*Source records*.
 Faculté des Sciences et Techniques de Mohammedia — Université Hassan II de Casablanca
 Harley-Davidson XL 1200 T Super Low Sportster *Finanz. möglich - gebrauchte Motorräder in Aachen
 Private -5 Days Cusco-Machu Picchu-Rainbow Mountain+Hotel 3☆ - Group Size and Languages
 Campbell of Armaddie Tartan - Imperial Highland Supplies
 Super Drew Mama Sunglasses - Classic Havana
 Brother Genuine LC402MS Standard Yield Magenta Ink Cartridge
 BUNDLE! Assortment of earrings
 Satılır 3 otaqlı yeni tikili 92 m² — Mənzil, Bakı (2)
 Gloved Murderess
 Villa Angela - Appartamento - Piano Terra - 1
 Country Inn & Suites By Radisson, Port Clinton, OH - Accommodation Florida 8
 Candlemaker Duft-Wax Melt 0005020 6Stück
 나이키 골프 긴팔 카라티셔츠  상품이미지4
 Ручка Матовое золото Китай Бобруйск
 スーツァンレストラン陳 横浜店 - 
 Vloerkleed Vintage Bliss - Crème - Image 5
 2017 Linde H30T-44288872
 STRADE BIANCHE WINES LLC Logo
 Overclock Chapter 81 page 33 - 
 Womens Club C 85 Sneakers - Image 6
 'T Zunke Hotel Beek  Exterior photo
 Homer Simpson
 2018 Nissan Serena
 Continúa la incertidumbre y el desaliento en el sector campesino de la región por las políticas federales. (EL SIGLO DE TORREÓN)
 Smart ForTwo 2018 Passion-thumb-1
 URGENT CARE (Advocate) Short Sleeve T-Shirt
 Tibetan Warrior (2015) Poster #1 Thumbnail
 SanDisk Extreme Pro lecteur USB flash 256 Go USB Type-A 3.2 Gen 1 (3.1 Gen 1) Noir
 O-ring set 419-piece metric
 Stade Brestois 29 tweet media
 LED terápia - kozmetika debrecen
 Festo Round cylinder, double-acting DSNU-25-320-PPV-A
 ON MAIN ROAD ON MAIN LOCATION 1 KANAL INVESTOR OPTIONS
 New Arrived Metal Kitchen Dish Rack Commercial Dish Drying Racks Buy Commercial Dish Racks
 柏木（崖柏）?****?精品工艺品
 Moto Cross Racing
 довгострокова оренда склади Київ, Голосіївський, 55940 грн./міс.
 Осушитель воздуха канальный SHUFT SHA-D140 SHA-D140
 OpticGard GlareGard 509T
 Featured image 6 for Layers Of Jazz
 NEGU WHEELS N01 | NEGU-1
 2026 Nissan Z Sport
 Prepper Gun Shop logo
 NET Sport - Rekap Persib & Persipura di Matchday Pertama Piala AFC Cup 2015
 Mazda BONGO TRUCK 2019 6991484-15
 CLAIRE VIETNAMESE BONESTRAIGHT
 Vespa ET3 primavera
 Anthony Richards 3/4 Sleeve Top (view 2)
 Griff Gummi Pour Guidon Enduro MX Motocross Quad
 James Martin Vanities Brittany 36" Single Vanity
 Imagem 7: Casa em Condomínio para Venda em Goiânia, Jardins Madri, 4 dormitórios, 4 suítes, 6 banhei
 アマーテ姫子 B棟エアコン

*The problem*.
Please write out, exactly as they appear above, only the lines in the stretch from the line with "Villa Angela - Appartamento" through the line with "NEGU WHEELS N01 | NEGU-1".

*Exercise response*.
 Villa Angela - Appartamento - Piano Terra - 1
 Country Inn & Suites By Radisson, Port Clinton, OH - Accommodation Florida 8
 Candlemaker Duft-Wax Melt 0005020 6Stück
 나이키 골프 긴팔 카라티셔츠  상품이미지4
 Ручка Матовое золото Китай Бобруйск
 スーツァンレストラン陳 横浜店 - 
 Vloerkleed Vintage Bliss - Crème - Image 5
 2017 Linde H30T-44288872
 STRADE BIANCHE WINES LLC Logo
 Overclock Chapter 81 page 33 - 
 Womens Club C 85 Sneakers - Image 6
 'T Zunke Hotel Beek  Exterior photo
 Homer Simpson
 2018 Nissan Serena
 Continúa la incertidumbre y el desaliento en el sector campesino de la región por las políticas federales. (EL SIGLO DE TORREÓN)
 Smart ForTwo 2018 Passion-thumb-1
 URGENT CARE (Advocate) Short Sleeve T-Shirt
 Tibetan Warrior (2015) Poster #1 Thumbnail
 SanDisk Extreme Pro lecteur USB flash 256 Go USB Type-A 3.2 Gen 1 (3.1 Gen 1) Noir
 O-ring set 419-piece metric
 Stade Brestois 29 tweet media
 LED terápia - kozmetika debrecen
 Festo Round cylinder, double-acting DSNU-25-320-PPV-A
 ON MAIN ROAD ON MAIN LOCATION 1 KANAL INVESTOR OPTIONS
 New Arrived Metal Kitchen Dish Rack Commercial Dish Drying Racks Buy Commercial Dish Racks
 柏木（崖柏）?****?精品工艺品
 Moto Cross Racing
 довгострокова оренда склади Київ, Голосіївський, 55940 грн./міс.
 Осушитель воздуха канальный SHUFT SHA-D140 SHA-D140
 OpticGard GlareGard 509T
 Featured image 6 for Layers Of Jazz
 NEGU WHEELS N01 | NEGU-1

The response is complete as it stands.